If we have trouble keeping tabs just on this thing, which isn't even waste, then what hope is there of keeping adequate records over the generations of humnakind for an entire industry?:
In 2004, clean-up work uncovered a battered, rusted, and broken old safe containing a glass jug inside which was 400 millilitres of plutonium.
Recent tests by Jon Schwantes' team at the Pacific Northwest National Laboratory in Richland, Washington, has shown this plutonium was the first ever processed at the site, and the first made on a usable scale anywhere in the world.
Schwantes and colleagues used the fact that plutonium naturally decays to uranium to date the sample to 1946, give or take 4.5 years, by comparing the amounts of the two metals present inside the jug. Its age allowed the team to establish that the plutonium must have come from one of four reactors - out of 11 in the US at the time - from which fuel was reprocessed into plutonium.

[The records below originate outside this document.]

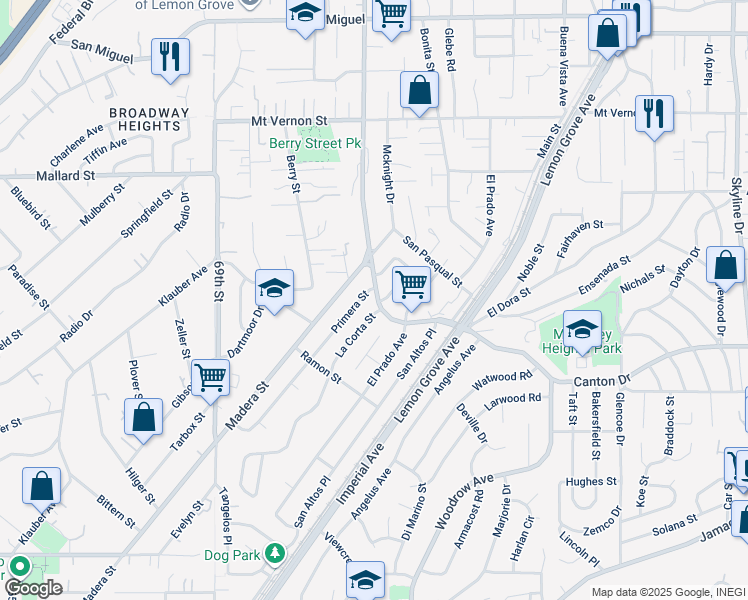 map of restaurants, bars, coffee shops, grocery stores, and more near 1910 Massachusetts Avenue in Lemon Grove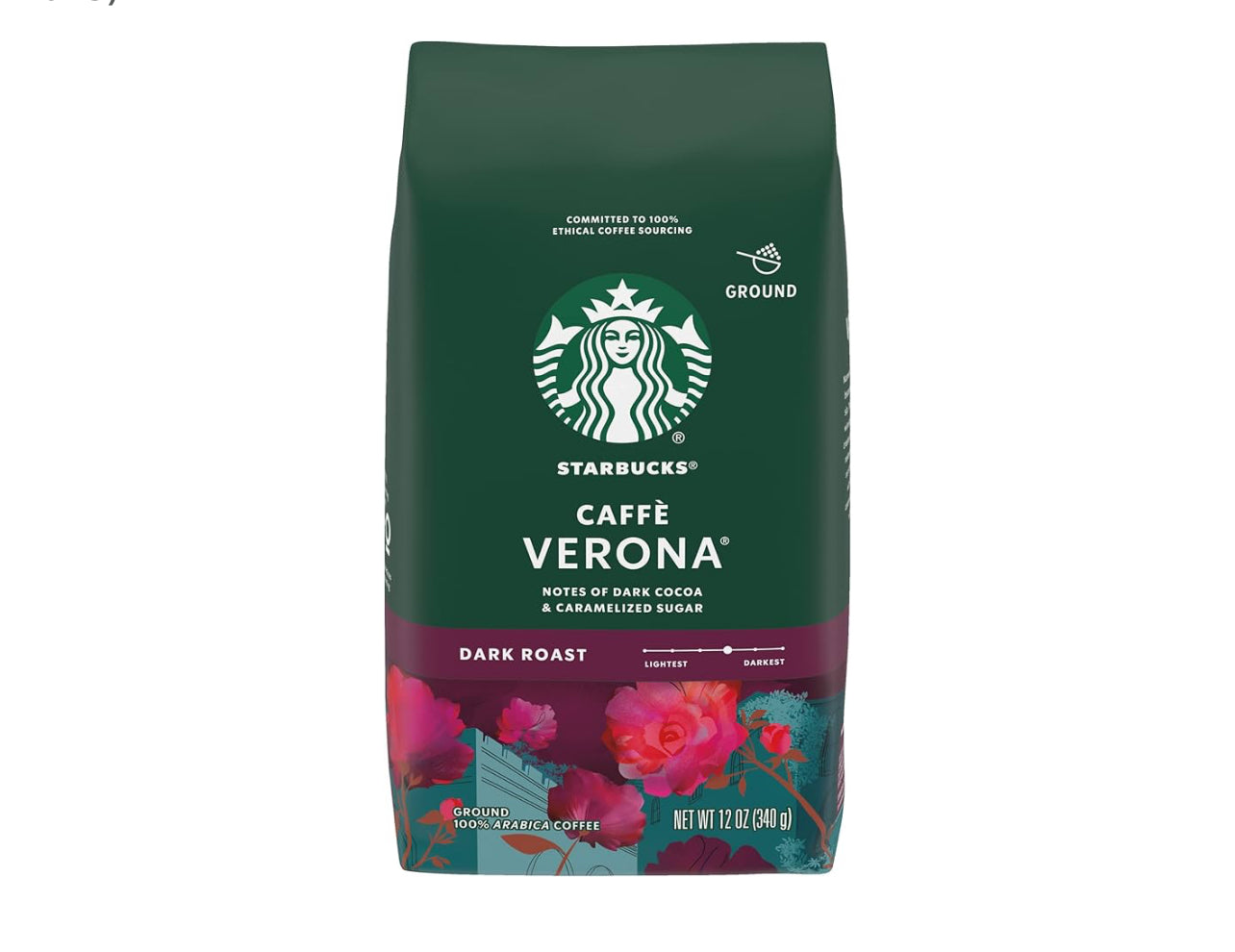 Starbucks Caffe Verona Coffee, Dark, Ground, 12-Ounce Bags (Pack of 3)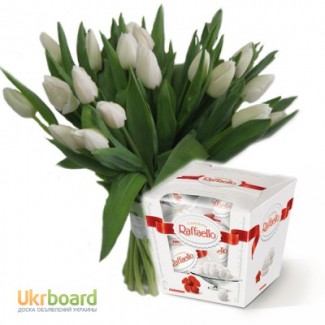 Букет под заказ в Киеве, поздравительный букет из тюльпанов на 8 марта
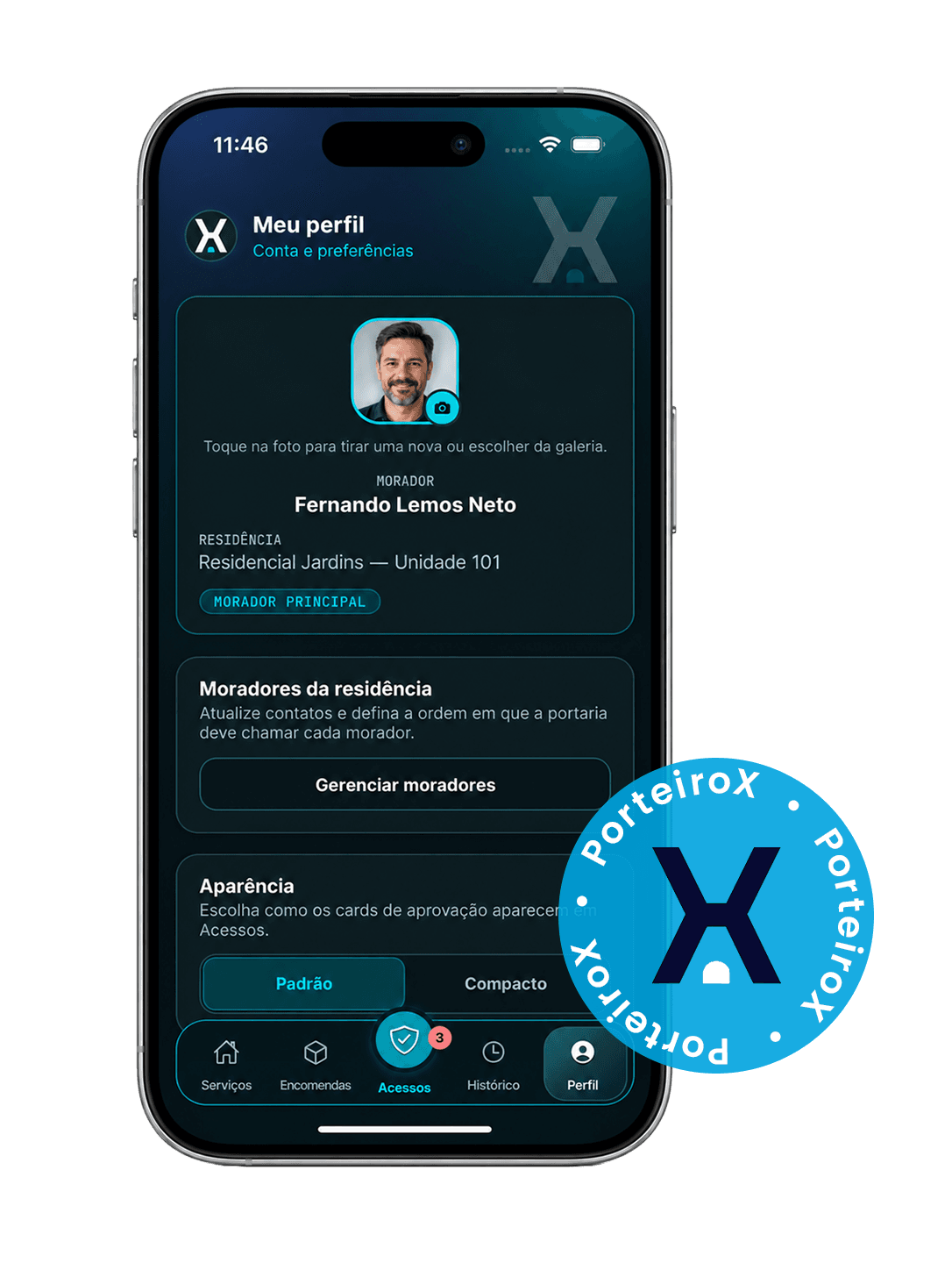 Aplicativo do Porteiro X em um smartphone, exibindo o perfil do morador Fernando Lemos Neto, os dados da residência e as opções de gerenciamento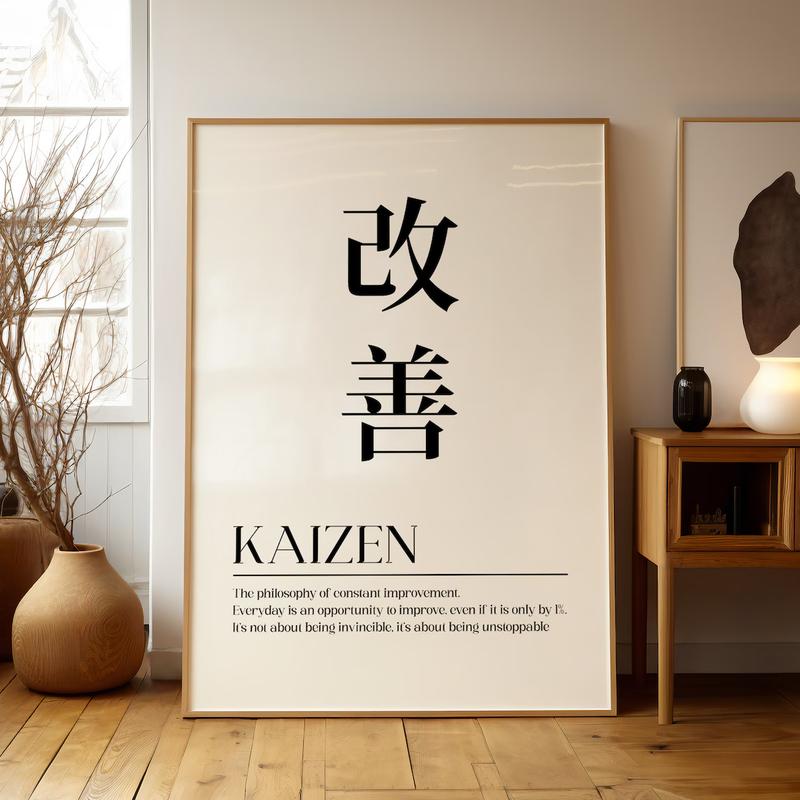 Kaizen Poster, Kaizen Minimalist Japanese Wall Art Quote Print Painting, Kaizen Japanese Quote Poster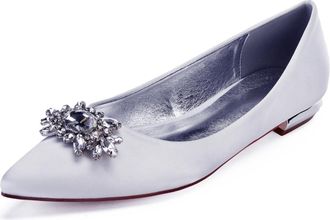 Generic Womens Satin Slip-On Pointy Toe Bridal Satin Wedding Shoes Flat Formal Evening Prom Party Dress Shoes 2Cm,White,10 UK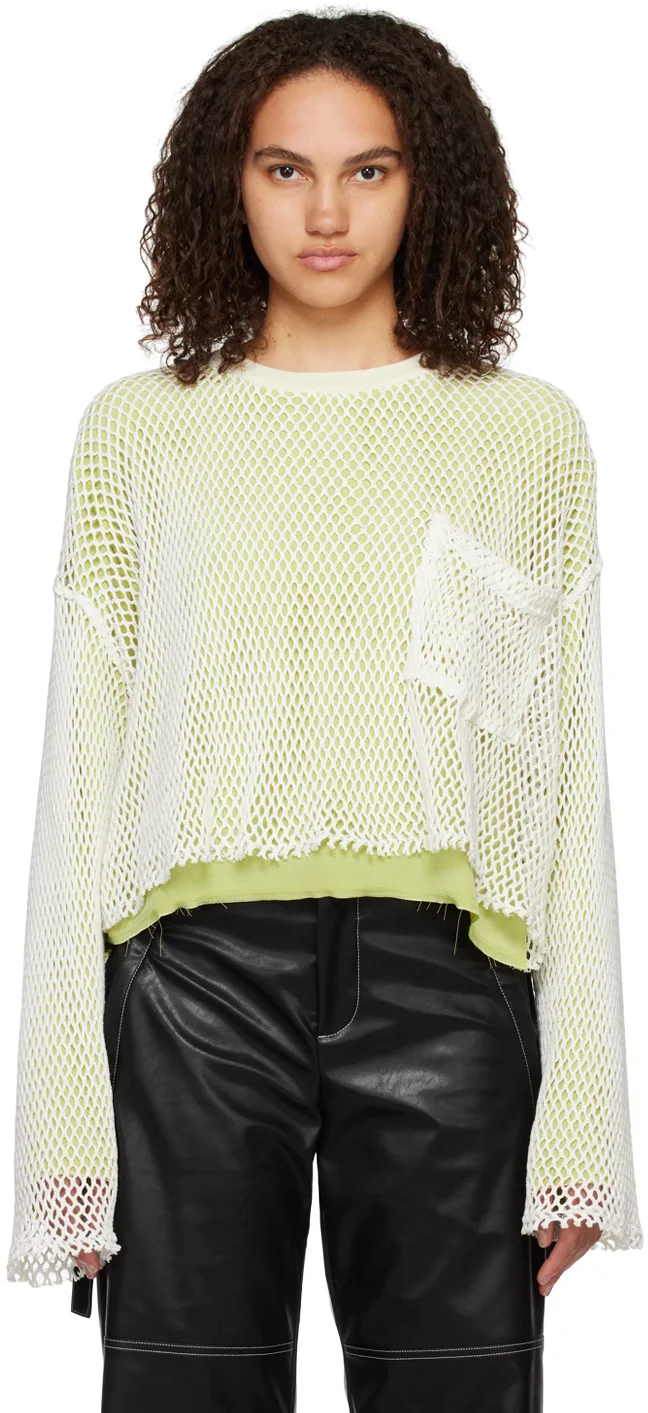 White & Green Cropped Sweater by Song for the Mute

Three of those reactors were on the Hanford site, with the fourth at Oak Ridge in Tennessee. Comparing the minor plutonium isotopes in the sample to signatures for each of the four reactors showed that the sample came from the X-10 reactor at Oak Ridge.
But only trawling through records at Hanford helped Schwantes and his team realise the historical significance of their find. The Hanford site's reprocessing plant, the first in the world, was completed before the reactors nearby were ready, in late 1944. So the inaugural run of the reprocessor on 9 December 1944 used fuel shipped from Oak Ridge.
"The very next run [and all subsequent runs] used Hanford plutonium," says Schwantes. "We have the oldest known sample of plutonium-239 - weapons plutonium."
His team read that a safe matching the description of the one unearthed in 2004 was sealed in 1945 because of radioactive contamination. It was disposed of in 1951, and remained lost for the next 50 years.
"The contamination was not from the plutonium jug," Schwantes says. "The jug was intact when found."
Plutonium-239 has a half-life of 24,110 years and emits alpha particles that are too bulky to penetrate even skin or paper. It is most dangerous when inhaled as a dry powder, where its decay in the lungs can cause cancer, he adds.
John Simpson, an expert on nuclear history at Southampton University in the UK, thinks the new find is important.
"From the historical records, it looks as if they've got it right," he says. "But the puzzling thing is, why didn't this plutonium make it into the bomb?" In 1944, the Americans were working flat out to develop a nuclear capability - it's strange that any first large batch of plutonium-239 should be stored and not used, he says.
Schwantes thinks that is because of the radioactive contamination to the safe it was being stored in. The first batch would eventually have been folded back into the stockpile if not for that contamination.
But despite its historic significance, Schwantes doesn't plan to put the sample in a museum. He is working with New Brunswick Labs to create a standard reference sample for plutonium-239 from the material, partly because of its primacy as the oldest sample. "The other factor is its extreme purity - 99.96% plutonium-239 is as pure a sample of 239 I have seen produced from any reactor," says Schwantes.